There are undoubtedly more permutations of these questions, as well as other and perhaps better ways of answering them, either as complements or substitutes to my own approach. Nonetheless, I hope I have persuaded you that a general principle of expected utility maximization can help experts decide whether and how to publicly weigh in on a political debate.
References
Atun, Rifat et al. 2015. “Health-System Reform and Universal Health Coverage in Latin America.” The Lancet. 385(9974): 1230–47.

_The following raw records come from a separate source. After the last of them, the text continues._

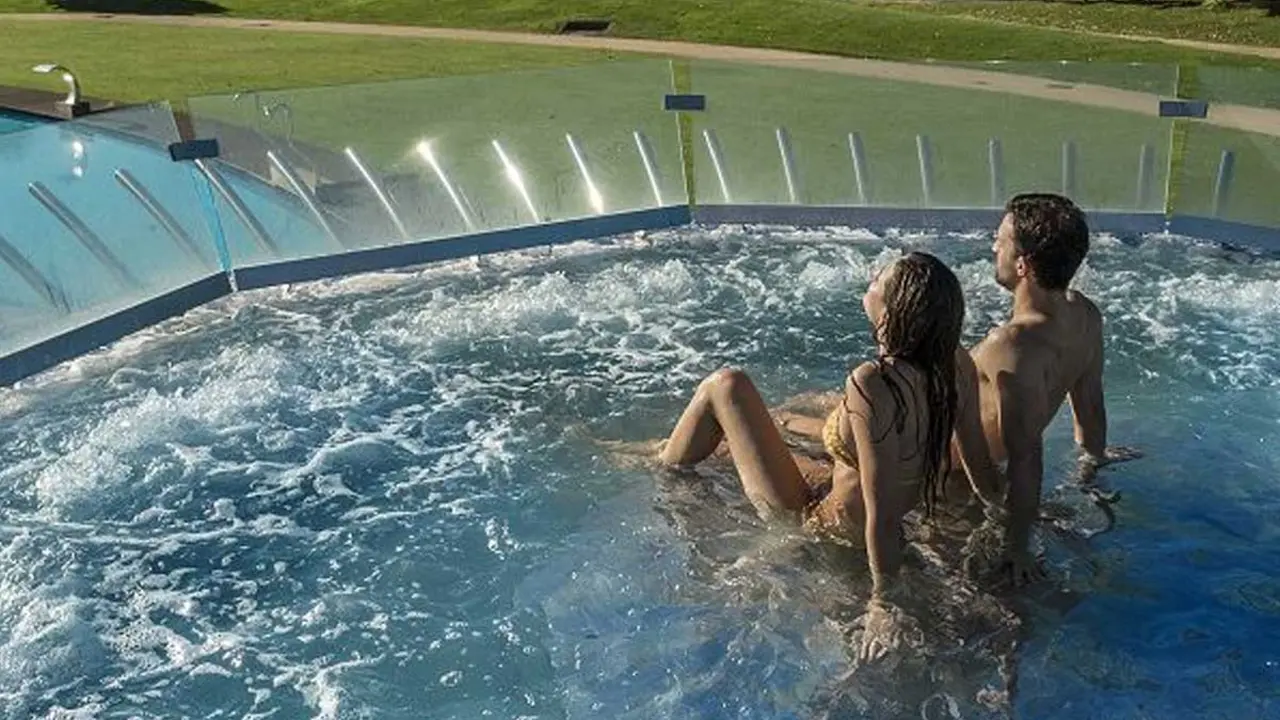 Interior futurista del balneari Magma a Santa Coloma de Farners. Imatge magma-cat.com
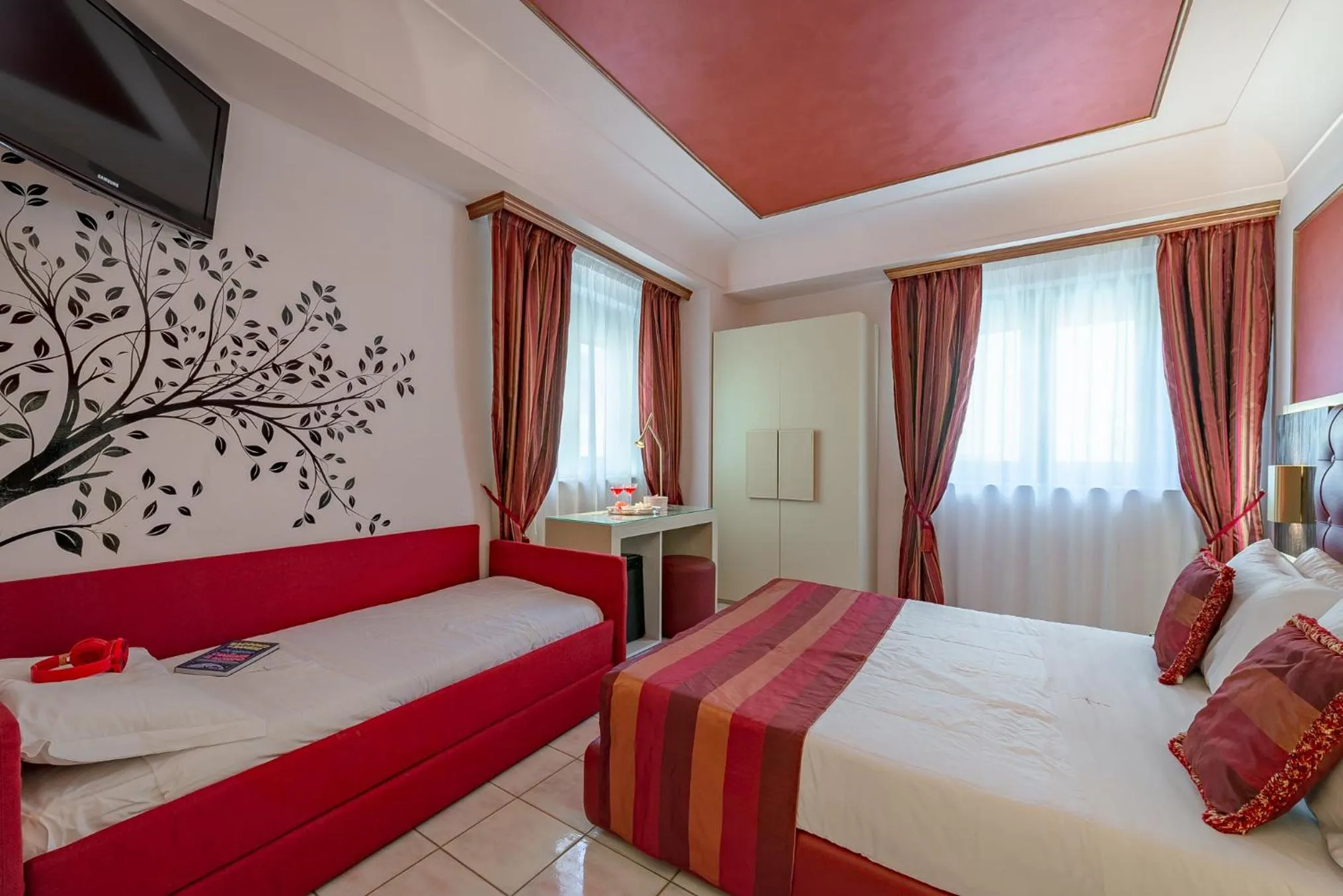 Bedroom, Bed in Fazio Rooms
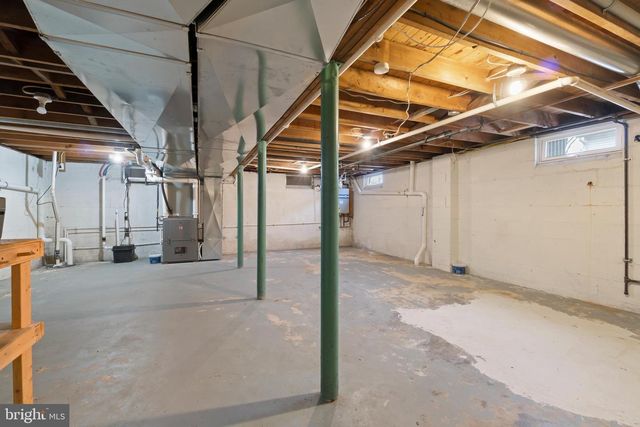 4 BELLE LN, Cinnaminson, NJ 08077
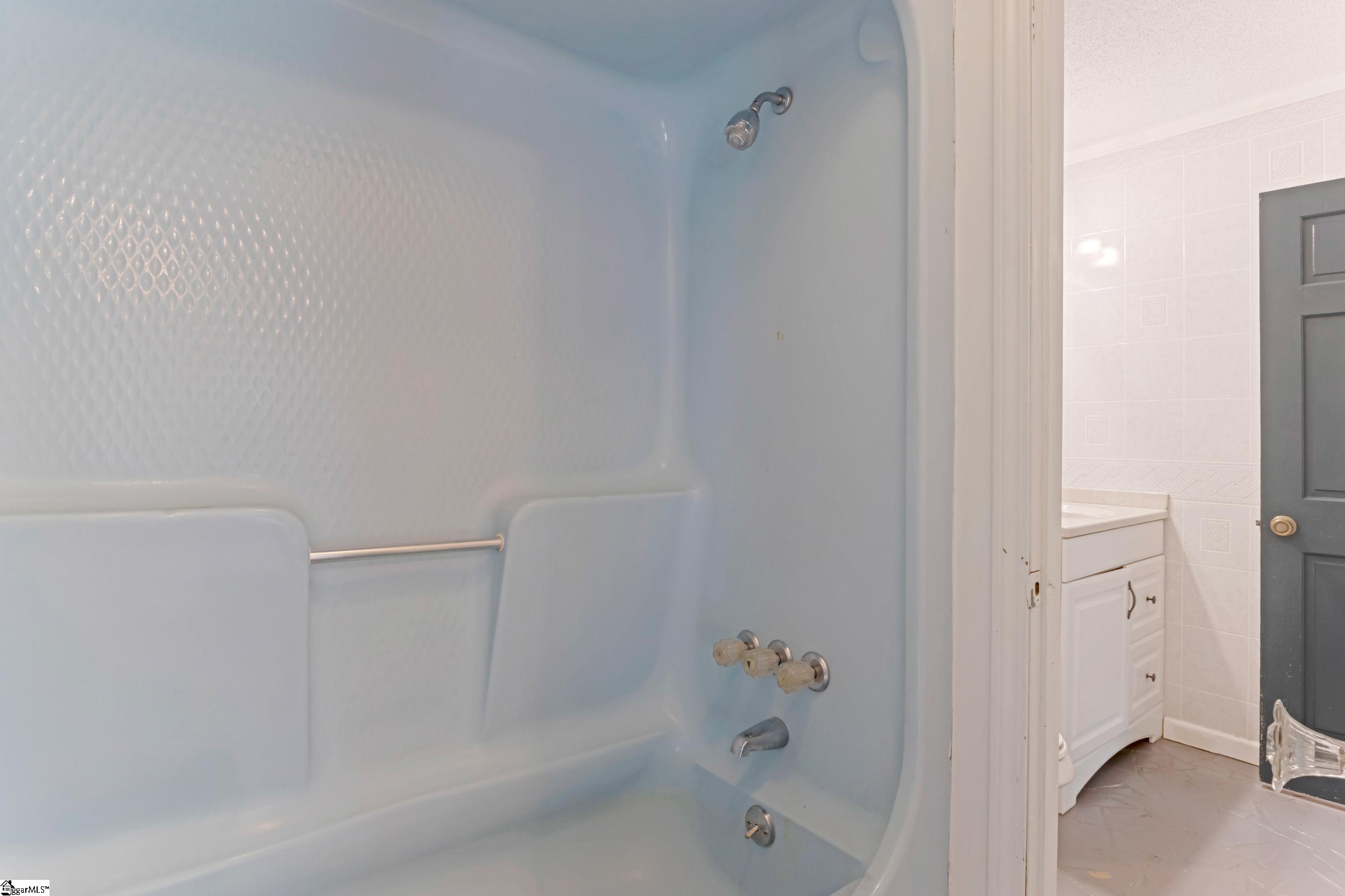 234 Country Glen Pelzer, SC 29796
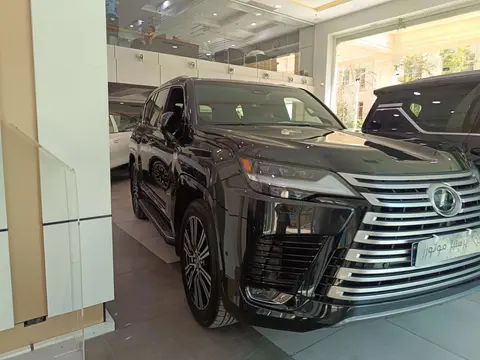 لکسوس، LX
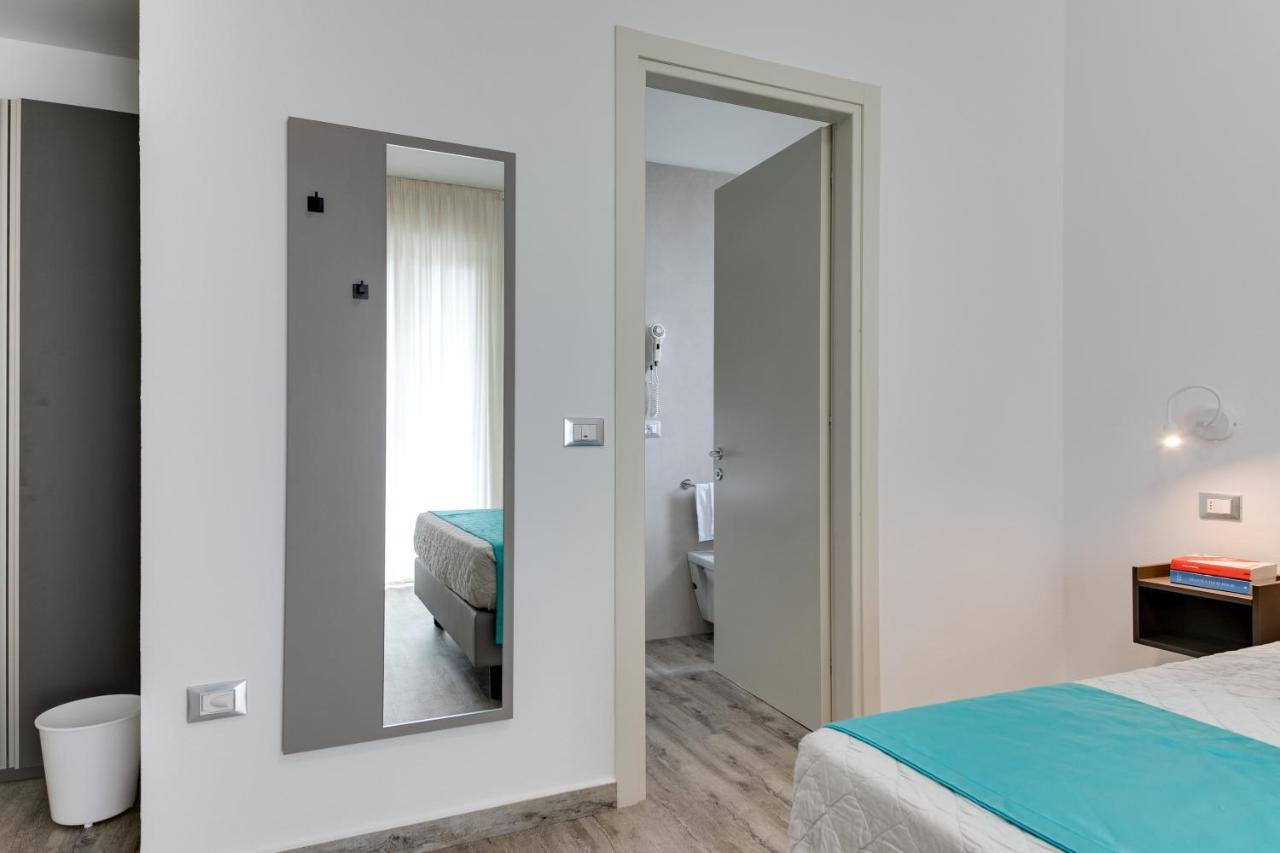Aparthotel Elegance - Siroli Collection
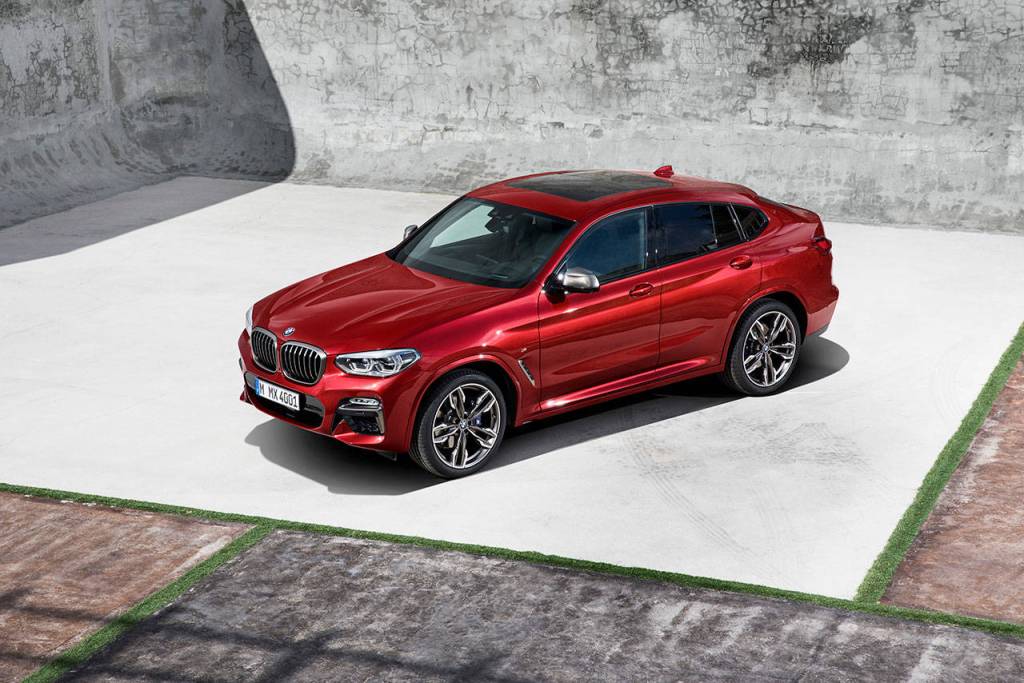 A panoramic moonroof is standard on the 2019 BMW X4. (Manufacturer photo)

Bollyky, Thomas J et al. 2019. “The Relationships between Democratic Experience, Adult Health, and Cause-Specific Mortality in 170 Countries between 1980 and 2016: An Observational Analysis.” The Lancet. https://linkinghub.elsevier.com/retrieve/pii/S0140673619302351.
Byron I think this is great. My one thing to add here is that politics can sometimes be made apparent by what *not* to discuss. Somethings simply aren't on the table, which is itself a political decision. A great example would be the willingness to discuss, or not discuss, the highly polarizing question of covid19 origin.
Great post, Byron! Perhaps this question does not address the public choice/perception of an expert's "proper" role within the political discourse, but: what do you make of the fact that an expert is likely to be more adept at processing information into policy decisions in general than the average voter? Obviously experts are susceptible to pervasive biases and information asymmetries (just like average voters), but should we put any stock in the fact that these are people who are seriously engaged in a process that attempts to discern truth (regardless of what their "core" area of expertise in)? In other words, should experts still be esteemed for opinions they hold outside of their core area of expertise, just as, say, someone might esteem their "smart friend"?